Task to complete:
Line by line, repeat the data below exactly, beginning at the first line and ending at the line with "Sites similar to levitragt.com". Omit pictures.

Material shown:
*** Begin section ***
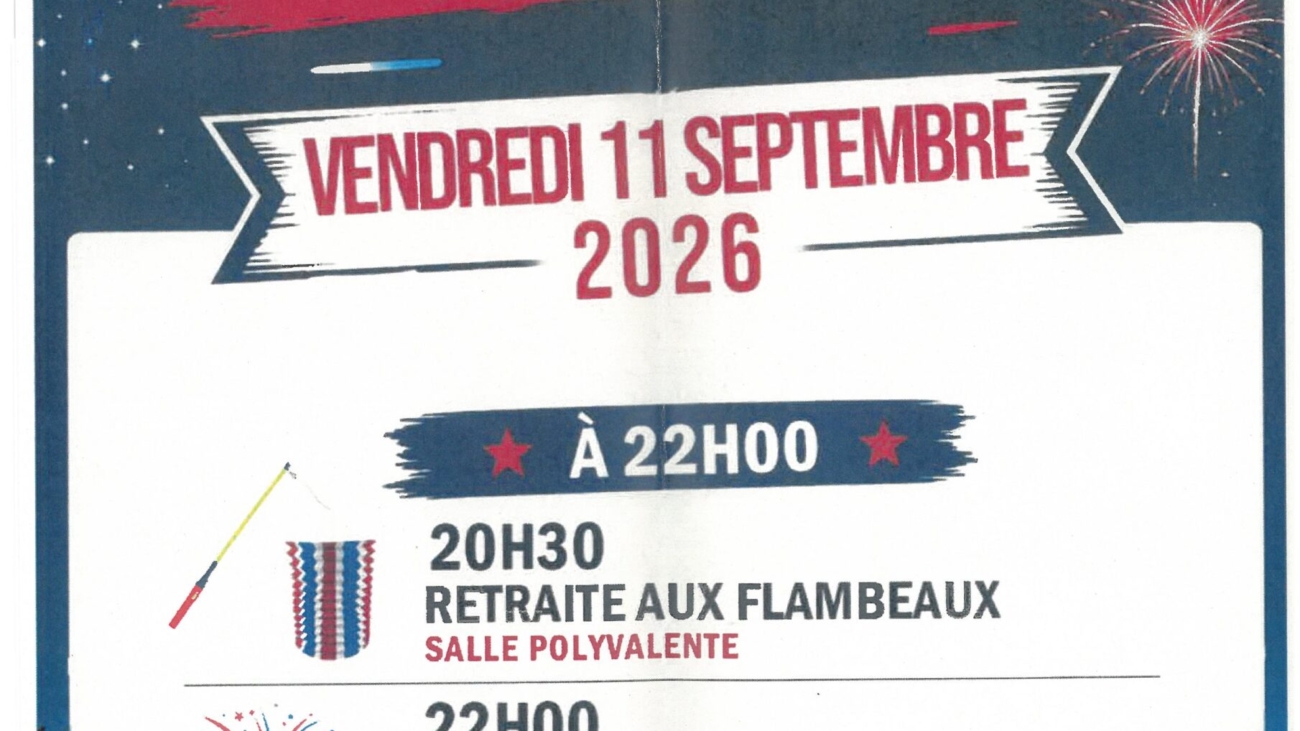 SKM_C361i26082408130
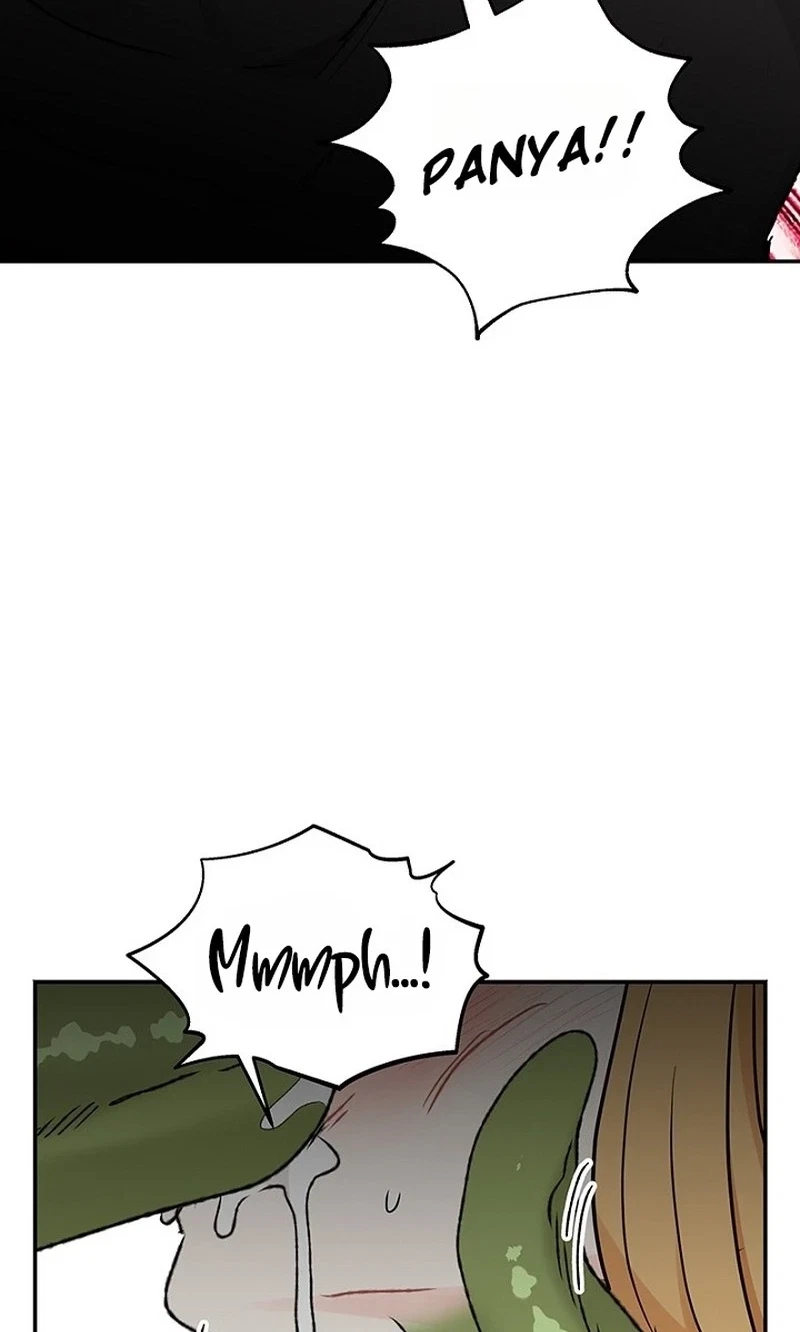 Chapter 69, page 11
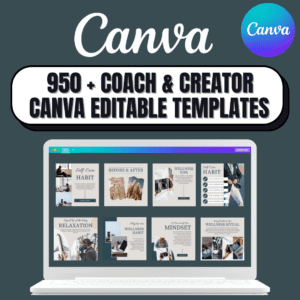 950-Coach-Creator-Canva-Editable-Templates-for-Social-Media-Post
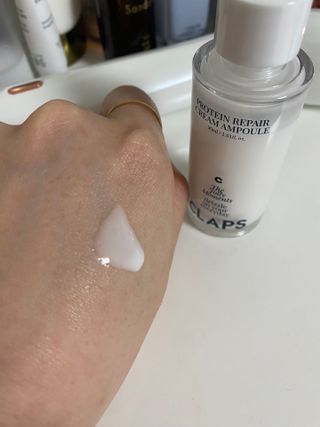 원공주👑님이 올린 리뷰 사진 1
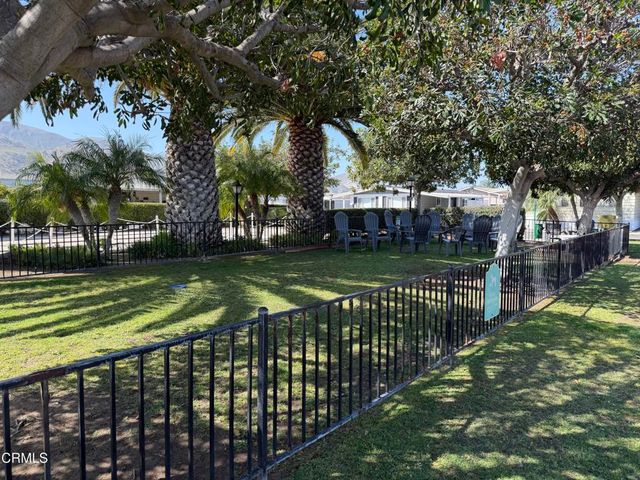 500 W Santa Maria Street 34, Santa Paula, CA 93060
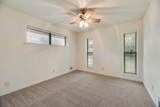 1817 Bardfield Avenue - Photo 18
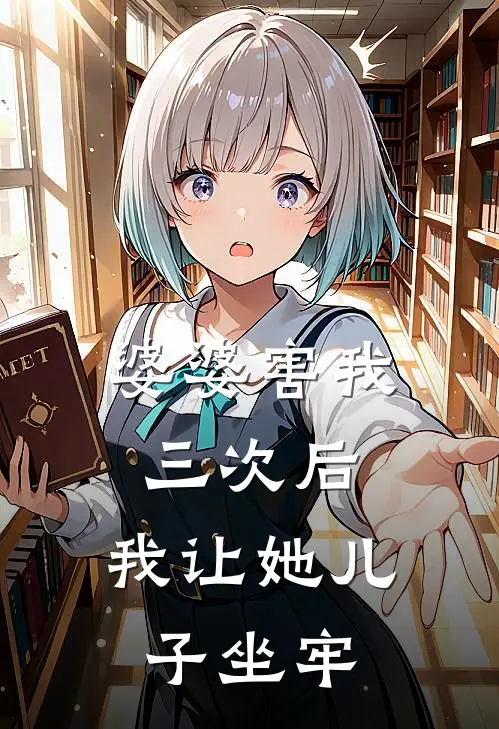 婆婆害我三次后，我让她儿子坐牢李建华建华已完结小说推荐_完整版小说婆婆害我三次后，我让她儿子坐牢(李建华建华)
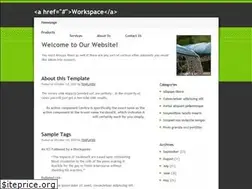 Sites similar to levitragt.com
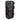 2*10 RECHARGEABLE SPEAKER 15W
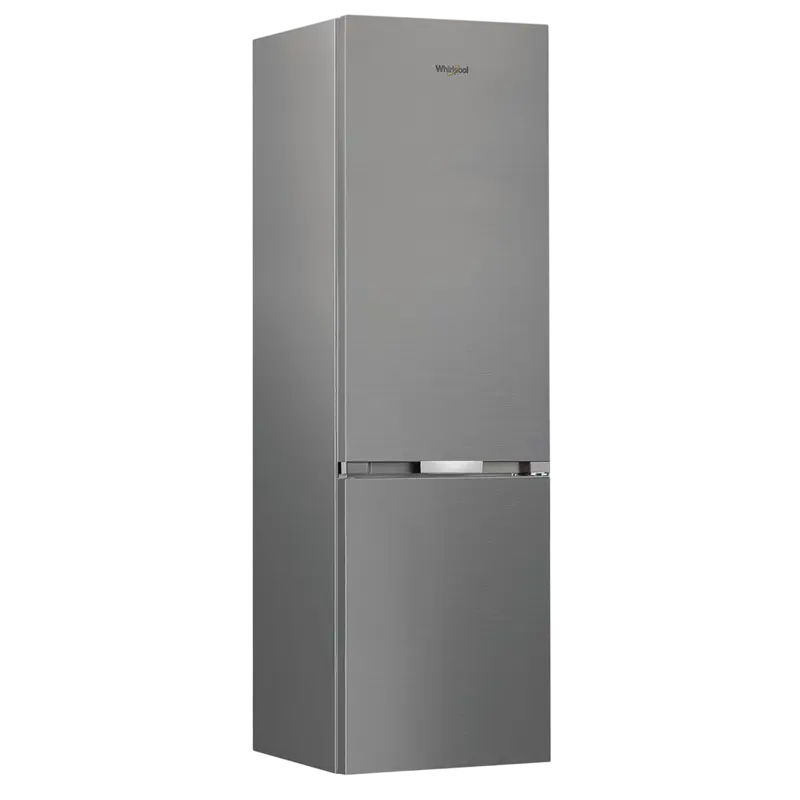 Whirlpool WHK 25404 XP5E Grey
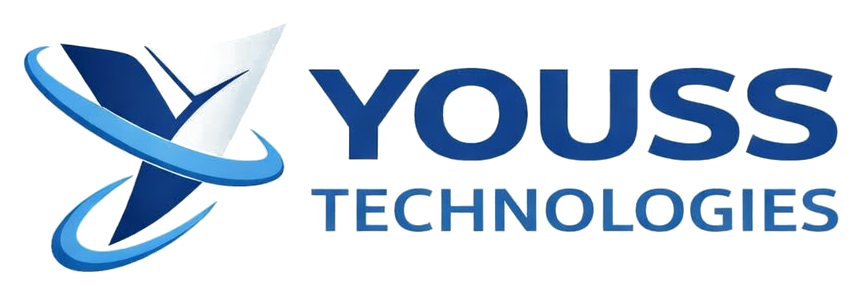 Youss Technologies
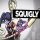 Skullgirls - Squigly (DLC)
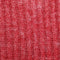 11.Red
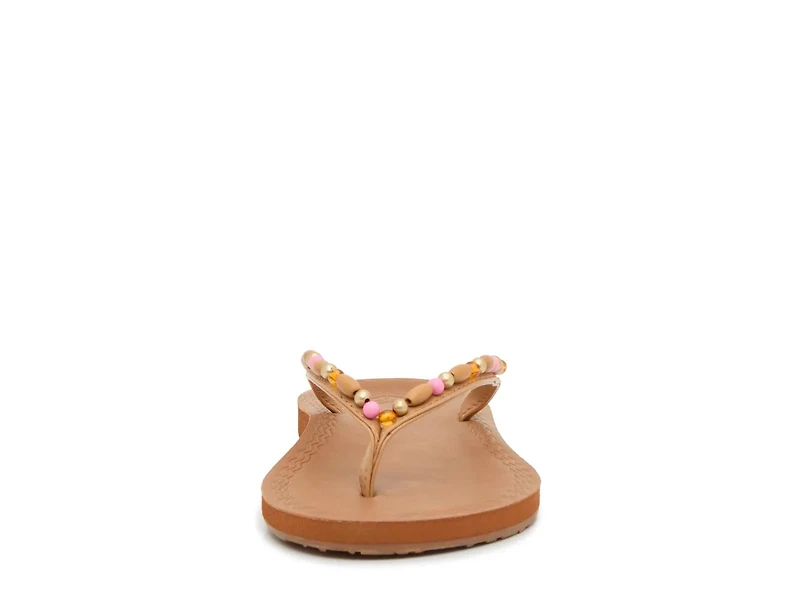 Paradise Stone Sandal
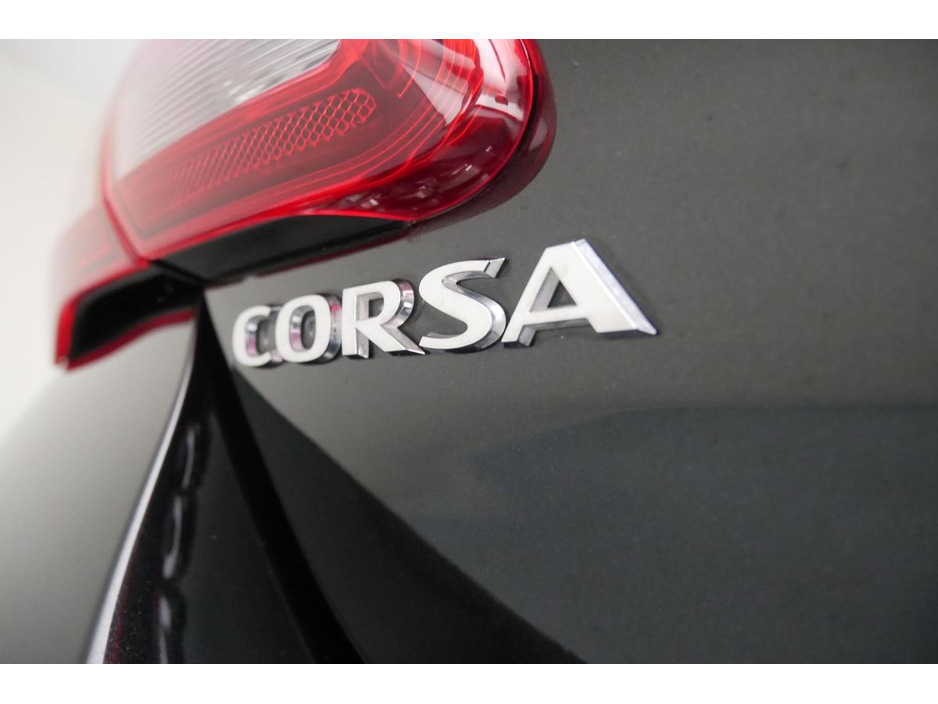 Opel Corsa 1.4 E 75BHP 5SPD *FULLY SERVICED* — thumbnail 27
*** End section ***
Response to this exercise:
 SKM_C361i26082408130
 Chapter 69, page 11
 950-Coach-Creator-Canva-Editable-Templates-for-Social-Media-Post
 원공주👑님이 올린 리뷰 사진 1
 500 W Santa Maria Street 34, Santa Paula, CA 93060
 1817 Bardfield Avenue - Photo 18
 婆婆害我三次后，我让她儿子坐牢李建华建华已完结小说推荐_完整版小说婆婆害我三次后，我让她儿子坐牢(李建华建华)
 Sites similar to levitragt.com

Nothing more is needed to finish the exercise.